Для подтверждения советского попустительства немецкой агрессии западные историографы часто используют такие эпизоды, как например, тосты, произнесенные Молотовым за успехи вермахта, совместный парад Красной Армии и вермахта в Брест-Литовске после раздела Польши, выдача польских коммунистов Германии и историю о последнем поезде с стратегическими товарами, который прошел в Германию в ночь на 22 июня. Однако ни эти факты, ни оценка Молотовым пакта, как «поворотного пункта в истории Европы и не только Европы», не следует принимать за чистую монету[2]. Какой бы циничной и неразборчивой ни была в то время советская политика, эти эпизоды отражают сложности, с которыми столкнулись русские после заключения пакта. Подписание пакта, как мы видели, было выбором наименьшего из двух зол.
Однако пакт с Германией породил у России чувство уверенности, передав в ее руки эффективный контроль над буферной зоной. Советское руководство рассчитывало повысить свою военную готовность, пока Германия и Англия будут вести военные действия[3]. Ошибочность этого расчета впервые проявилась, когда Польша оказалась поверженной еще до мобилизации британских экспедиционных сил. Последовавшая вслед за этим «странная война» отнюдь не рассеяла опасений русских. Они едва ли могли исключить возможность того, что Чемберлен, которому они абсолютно не доверяли, поддастся соблазну договориться с Германией и подтолкнет ее к экспансии на Восток[4]. В результате, когда немцы убеждали Сталина вторгнуться в Польшу, он проявил осторожность и нерешительность. Отказавшись от стремления сохранить Польшу в качестве буферной зоны, он тем самым выступал заодно с Германией. Германия же могла попытаться заключить соглашение с Англией и Францией, возмущенными советской акцией. Таким образом, не исключалось, что Сталин окажется втянутым в войну с коалицией западных стран в условиях, когда положение на его восточных границах оставалось неопределенным. Кроме того, он прекрасно понимал, что Красная Армия слаба. Эта картина сильно отличается от того, что так усиленно пытается доказать Суворов: решимости Сталина двинуться на Польшу[5].
Не следует также забывать, что рамки германо-советского Договора о дружбе и границах от 28 сентября были ограничены, и он рассматривался не как военный, а как «экономический союз». Демаркация польских границ и настойчивое стремление Сталина разграничить сферы интересов в Прибалтике и Бессарабии стали для немцев предупреждением не затрагивать здесь советские интересы. Следует также отметить, что если немцы рассматривали соглашение о разграничении сфер влияния как приглашение к их фактической оккупации и аннексии, то русские добивались политических гарантий и создания там своих военных баз[6].

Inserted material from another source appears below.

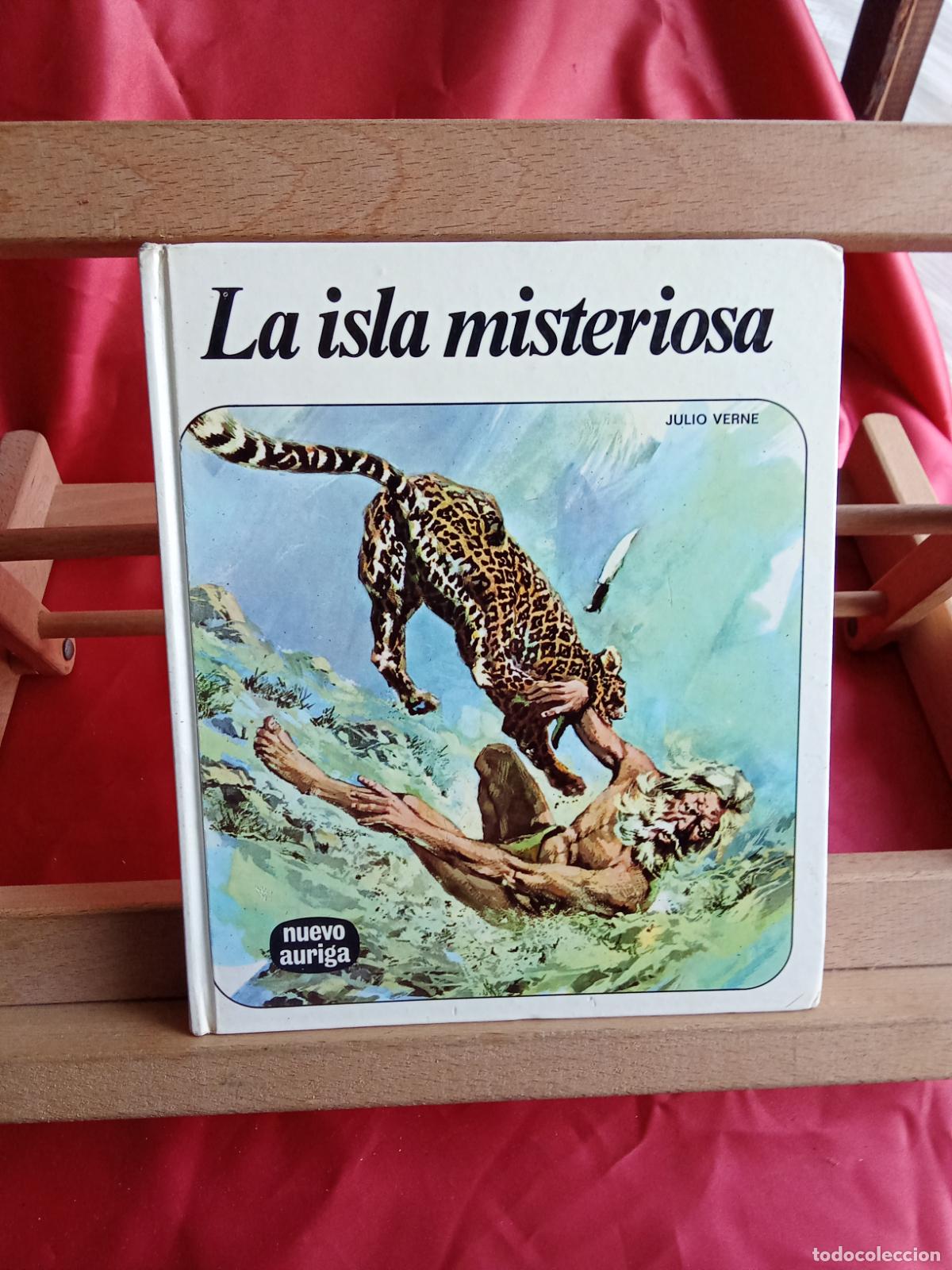 Libros: La isla misteriosa. Julio Verne L.4898-2638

Немногим известно, что в это же время русские продолжали стремиться к достижению соглашения с Англией и недопущению «второго Мюнхена». Вторжение в Польшу представлялось как направленный против Германии оборонительный шаг. Кроме того личное вмешательство Сталина заставило Риббентропа изменить свое выступление о ходе советско-германских переговоров, из которого Запад мог предположить соучастие Сталина в немецких военных приготовлениях. Хотя историки снова пытаются представить советско-германский пакт как безнравственный, но сердечный союз, на самом деле усилия немцев заручиться политической поддержкой России и использовать в своих целях пункты договора о дружбе успеха не имели. Сталин и Молотов неоднократно отклоняли предложения немцев посетить Берлин[7]. Во время многочисленных бесед с английским министром иностранных дел лордом Галифаксом советский посол в Лондоне Иван Майский признавался, что «быстрота» немецких завоеваний «очень удивила» русских, ни в коей мере не желавших победы немцев. Кроме того было конфиденциально заявлено, что России «не улыбается будущее, когда ее ближайшим соседом станет мощная, победоносная Германия»[8].

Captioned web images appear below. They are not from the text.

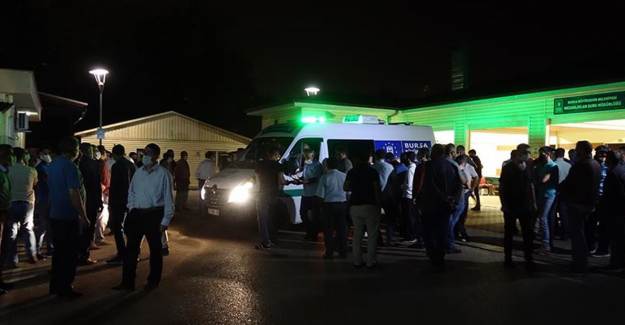 Bursa'daki Sel Felaketinde Ölen 4 Vatandaşın Cenazesi Bingöl'e Uğurlandı
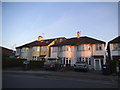 Houses on Highfield Avenue, Golders Green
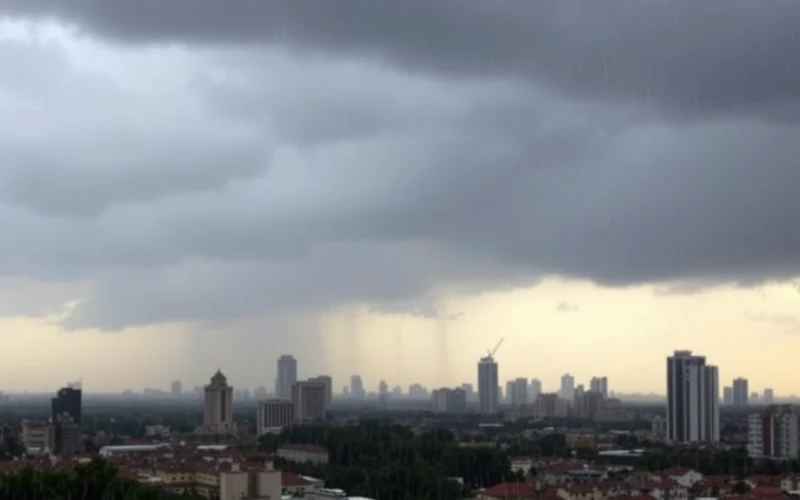 Chuva e temporais: previsão do tempo para hoje no Brasil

В этой связи следует рассмотреть резкие перемены в политике коммунистических партий, перешедших на пацифистские позиции. Первоначальную уверенность в том, что война будет затяжной, сменил пессимизм из-за военных успехов Германии. До 3 октября война рассматривалась как «империалистическая», а Советскому Союзу отводилась роль стороннего наблюдателя. Опасения по поводу продвижения немцев на востоке вызвали «кампанию за мир», чтобы положить конец войне[9]. В задачах, поставленных Коминтерном перед коммунистическими партиями после начала войны, война характеризовалась как империалистическая. Но в отличие от ленинских идеологических установок, война не приветствовалась и не выдвигался лозунг о «поражении» своего правительства, которое приведет к краху всей системы капитализма. В соответствии с занятой Советским Союзом позицией нейтралитета в задачах содержался призыв к различным коммунистическим партиям оставаться в стороне от конфликта и бороться за прекращение войны. Хотя догмы такой политики предусматривали одинаковое отношение ко всем капиталистическим государствам, в резолюции подчеркивалась опасность немецкой угрозы, а французы и англичане критиковались за их примиренческую позицию. Таким образом, Германию по-прежнему считали главным агрессором, от нее исходила угроза[10].

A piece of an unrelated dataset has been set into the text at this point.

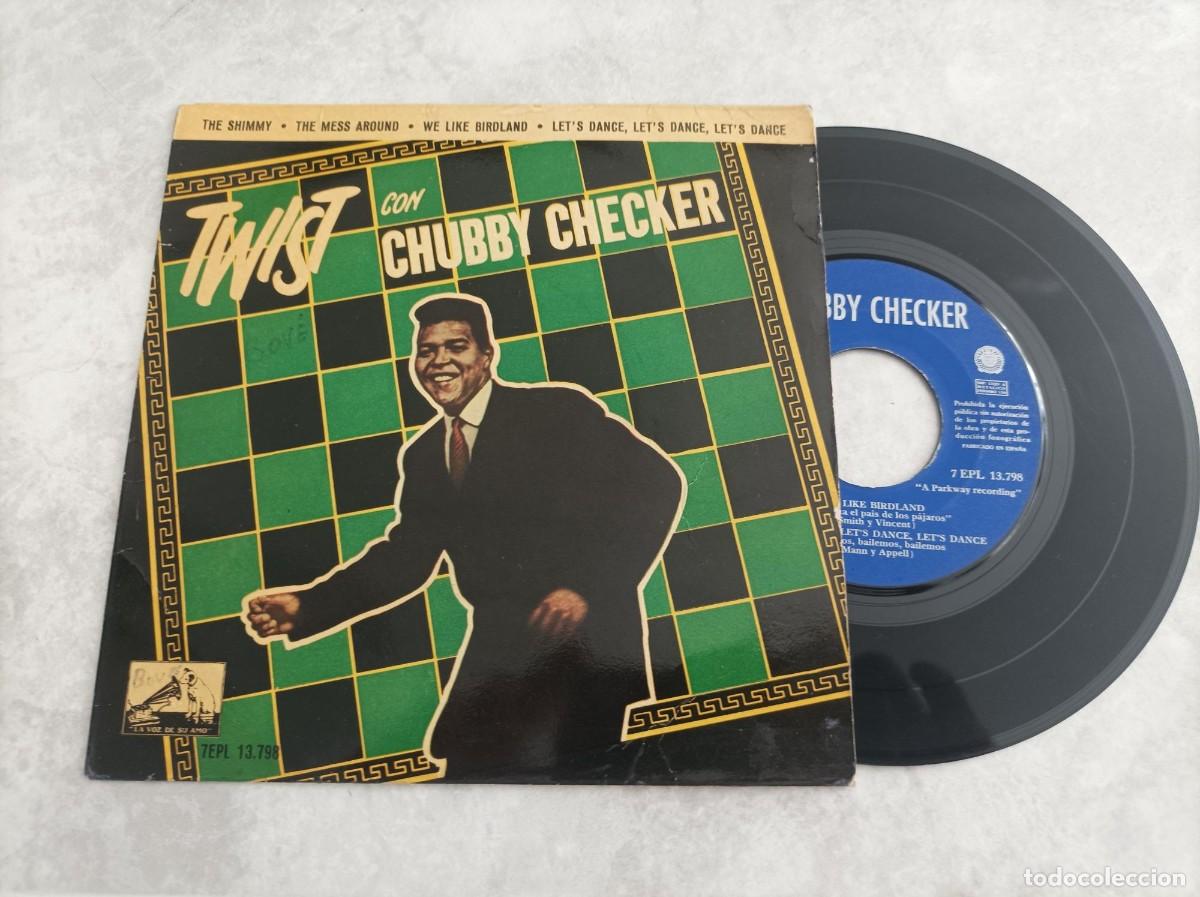 Discos de vinilo: Chubby Checker ep original - Foto 1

Откровенная беседа Сталина с генеральным секретарем Исполкома Коминтерна Димитровым свидетельствовала о циничном подчинении Коминтерна интересам СССР. Пакт о ненападении ни в коей мере не был прикрытием для осуществления идеологических амбиций. Отнюдь не предвидя неожиданного возвышения Советского Союза после войны, Сталин объяснял войну отсутствием воли у западных демократий. «Мы предпочитали соглашение с так называемыми демократическими странами и поэтому вели переговоры. Но англичане и французы хотели нас иметь в батраках и при том за это ничего не платить. Мы, конечно, не пошли в батраки...» Сталин не сожалел о судьбе Польши, которую он называл «фашистской» страной. По своему обыкновению он откровенно защищал интересы и приоритеты Советского Союза, слегка прикрывая их идеологическим флером: «Что было бы плохого, если в результате разгрома Польши мы распространим социалистическую систему на новые территории и населения»?
Однако не следует принимать такие заявления за чистую монету. В основе указаний Коминтерну лежали интересы СССР, а не ленинские идеологические догмы об «империалистической войне». Сталин искренне стремился к прекращению войны, но не ранее, чем противоборствующие стороны основательно истощат себя. Ко всем коммунистам был направлен призыв «выступить решительно против войны и ее виновников. Разоблачайте нейтралитет, буржуазный нейтралитет»[11]. Акцент на необходимости разоблачать миф об «антифашистской» природе войны не был напрямую связан с убеждением в ее империалистическом характере. Просто Сталин оставался при своем твердом мнении, что накануне войны Чемберлен прилагал отчаянные усилия направить германскую агрессию против Советского Союза, и полагал, что сорвал эти замыслы, заключив пакт Риббентропа-Молотова[12].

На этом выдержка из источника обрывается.